ViiV, which is majority owned by GSK, said it intends to file a fixed-dose combination of DTG and 3TC later this year in the US. If approved, the drug would compete for market share with Gilead’s high-effective suite of triple drugs, including once-a-day pill Biktarvy (bictegravir/emtricitabine/tenofovir alafenamide).
Elsewhere, the Phase III SWORD programme showed that 89 percent of virologically-suppressed patients switched from a three or four-drug antiretroviral regimen to Juluca (dolutegravir and Janssen’s rilpivirine) for 100 weeks maintained viral suppression, with a viral load of less than 50 copies/mL.

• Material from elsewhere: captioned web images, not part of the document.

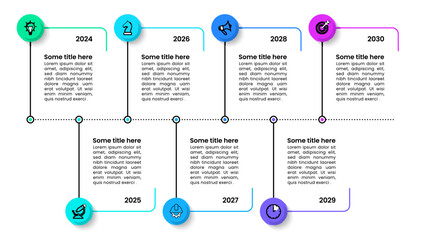 Infographic template. Timeline with 7 steps and icons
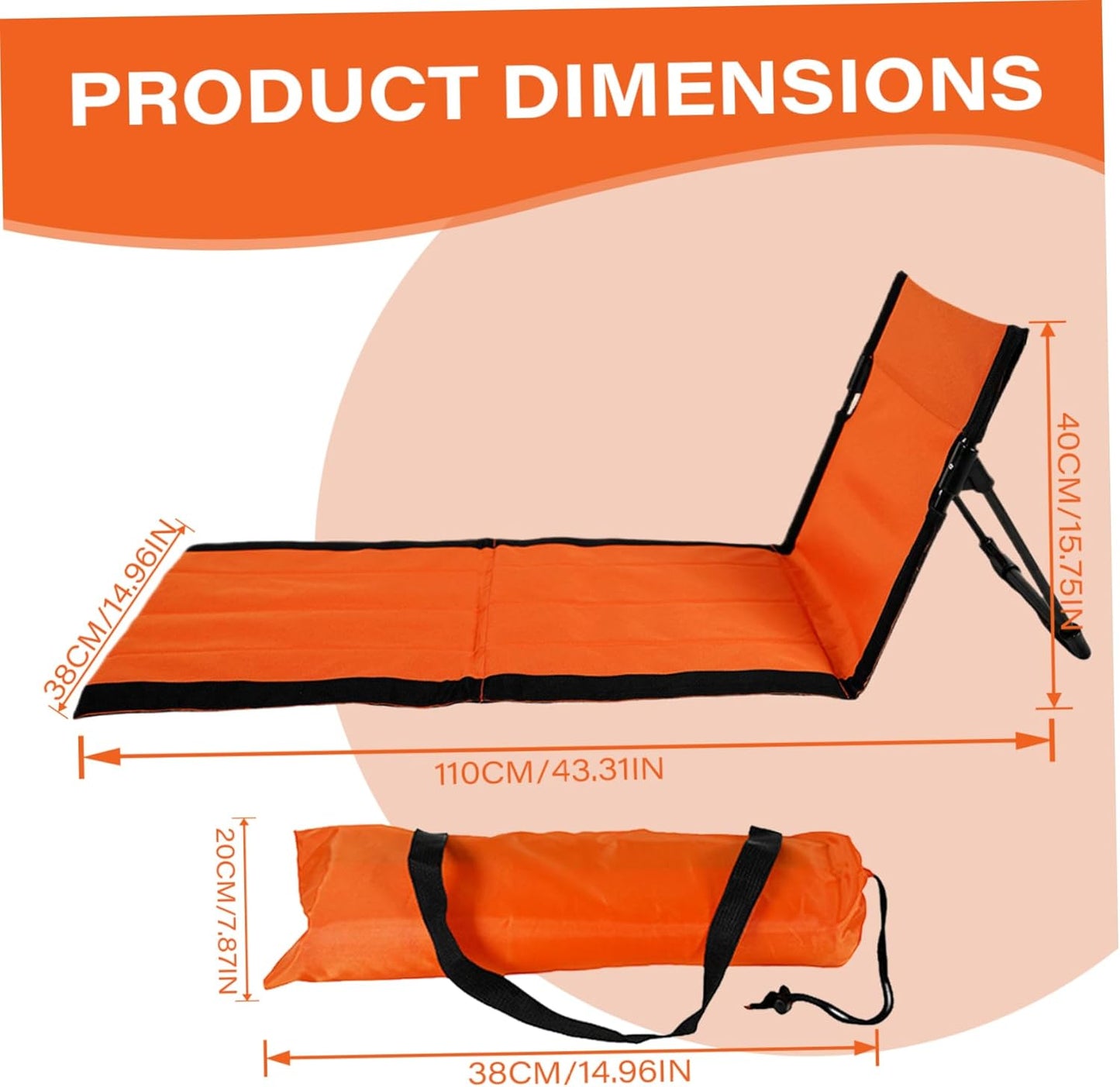Reclining Beach Mat 15x43.3x15.8/15x26.8x15.8'' Oxford Cloth Waterproof Foldable Beach Lounge Chair Lightweight & Portable Lounger for Adults Holidays Camping Park
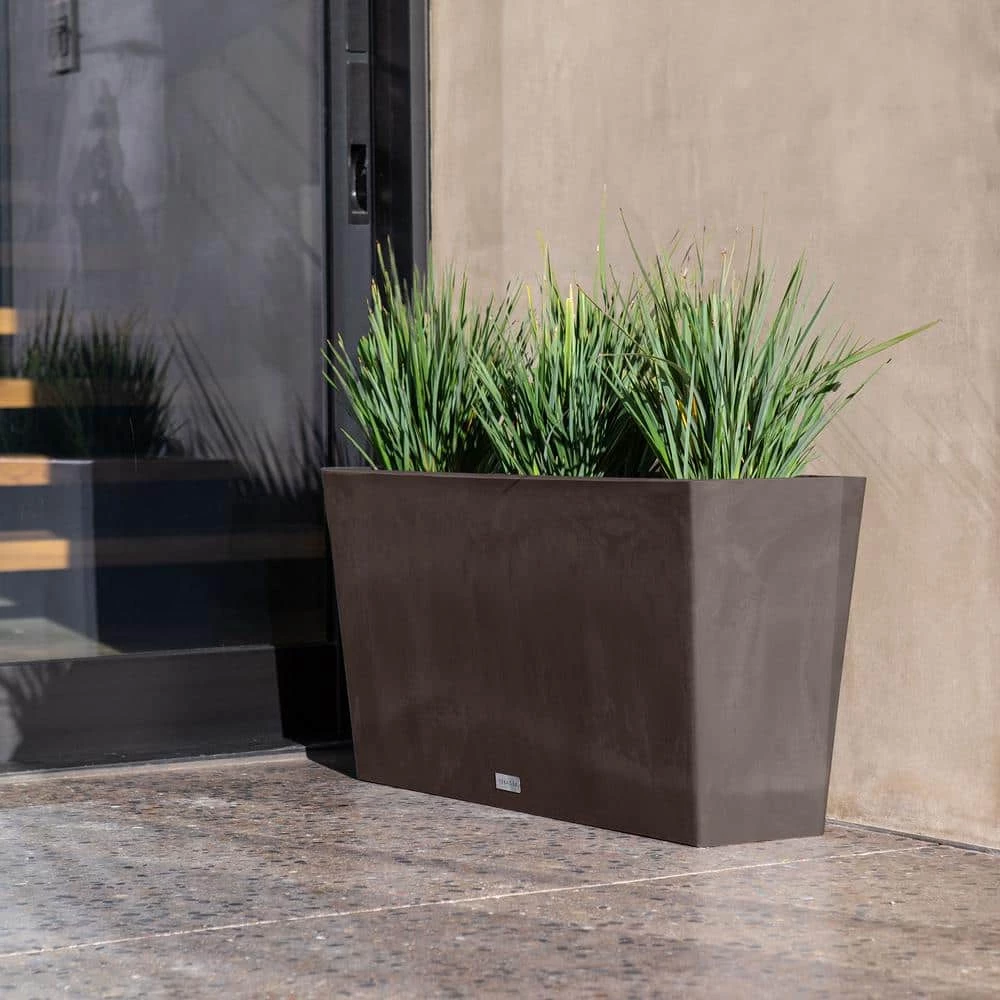 Veradek Midori 39 in. Espresso Plastic Long Trough Planter - Image 7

In the ‘late switch’ arm, where participants continued on their current antiretroviral regimen until week 52 before switching to the two-drug regimen of dolutegravir and rilpivirine, 93 percent maintained viral suppression through week 100.

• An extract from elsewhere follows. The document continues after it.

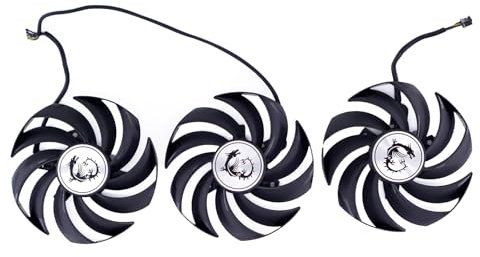 iHaospace Ventilateur de rechange pour carte graphique compatible avec MSI GeForce 3060 Ti 3070 Ti 3080 Ti 3090 Gaming Z/X Trio LHR, RX 6800 6900 XT, PLD09210B12HH, 2 roulements à billes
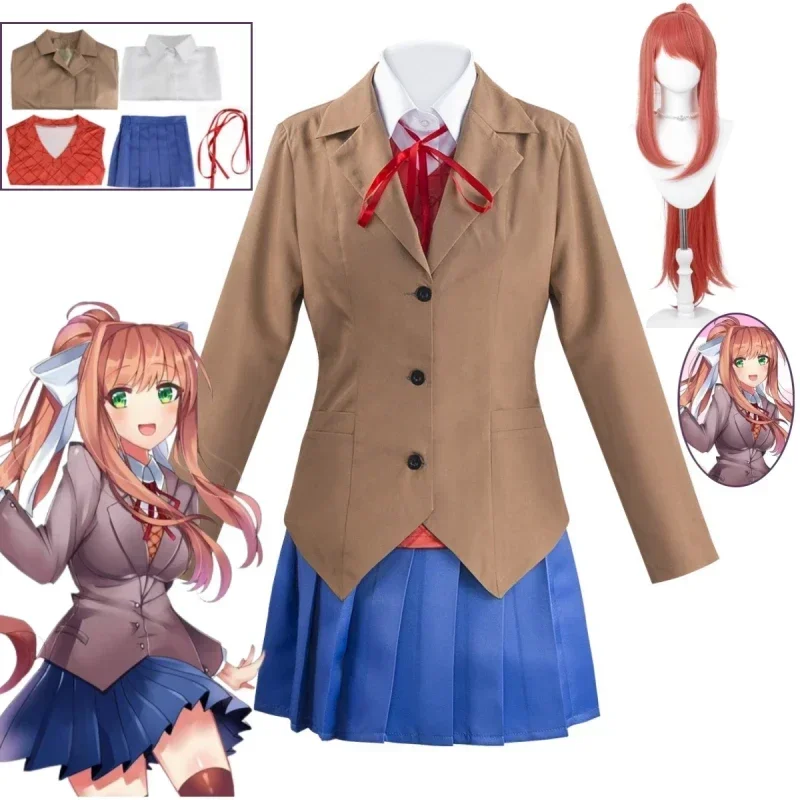 Anime Doki Doki Literature Club Monica Kostum Cosplay Girls' Uniform Dress School Uniform Student Set Halloween Party Costume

On the safety side, seven percent of patients experienced adverse events that led to withdrawal through week 10, but no new safety signals were observed.
Juluca won approval in the US in November 2017, for the maintenance treatment of HIV-1 infection in adults virologically suppressed on a stable antiretroviral (ART) regimen for at least six months with no history of treatment failure and no known substitutions associated with resistance to Juluca’s individual components.
The new data “confirm the ability of Juluca to maintain efficacy over a 100-week period and importantly support that the long-term safety profile of this regimen is consistent with the respective labels of the component medicines,” noted John Pottage, chief scientific and medical officer at ViiV.
“This 100-week data should provide physicians with further confidence that they may be able to reduce the number of antiretroviral drugs required to effectively maintain virologic suppression in their patient’s HIV.”